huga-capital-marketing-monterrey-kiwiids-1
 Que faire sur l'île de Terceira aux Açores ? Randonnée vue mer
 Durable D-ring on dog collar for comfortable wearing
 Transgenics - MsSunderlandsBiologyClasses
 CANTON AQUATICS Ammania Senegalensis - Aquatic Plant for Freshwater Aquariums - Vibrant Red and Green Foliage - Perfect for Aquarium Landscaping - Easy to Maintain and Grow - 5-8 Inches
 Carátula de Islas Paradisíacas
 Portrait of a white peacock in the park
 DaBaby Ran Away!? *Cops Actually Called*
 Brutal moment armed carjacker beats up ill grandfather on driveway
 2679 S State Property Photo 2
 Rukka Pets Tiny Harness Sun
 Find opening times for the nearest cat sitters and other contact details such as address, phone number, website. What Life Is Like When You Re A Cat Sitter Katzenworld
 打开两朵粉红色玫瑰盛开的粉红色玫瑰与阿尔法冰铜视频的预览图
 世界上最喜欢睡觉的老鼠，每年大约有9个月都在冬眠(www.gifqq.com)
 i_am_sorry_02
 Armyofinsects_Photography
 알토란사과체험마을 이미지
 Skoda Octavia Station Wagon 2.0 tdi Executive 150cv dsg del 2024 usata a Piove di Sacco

* **INSTRUCTIONS FOR THE TASK**: Return only the part of the records above that opens with the line containing "Transgenics - MsSunderlandsBiologyClasses" and closes with the line containing "CANTON AQUATICS Ammania", ends included.

* **ANSWER SECTION**:
 Transgenics - MsSunderlandsBiologyClasses
 CANTON AQUATICS Ammania Senegalensis - Aquatic Plant for Freshwater Aquariums - Vibrant Red and Green Foliage - Perfect for Aquarium Landscaping - Easy to Maintain and Grow - 5-8 Inches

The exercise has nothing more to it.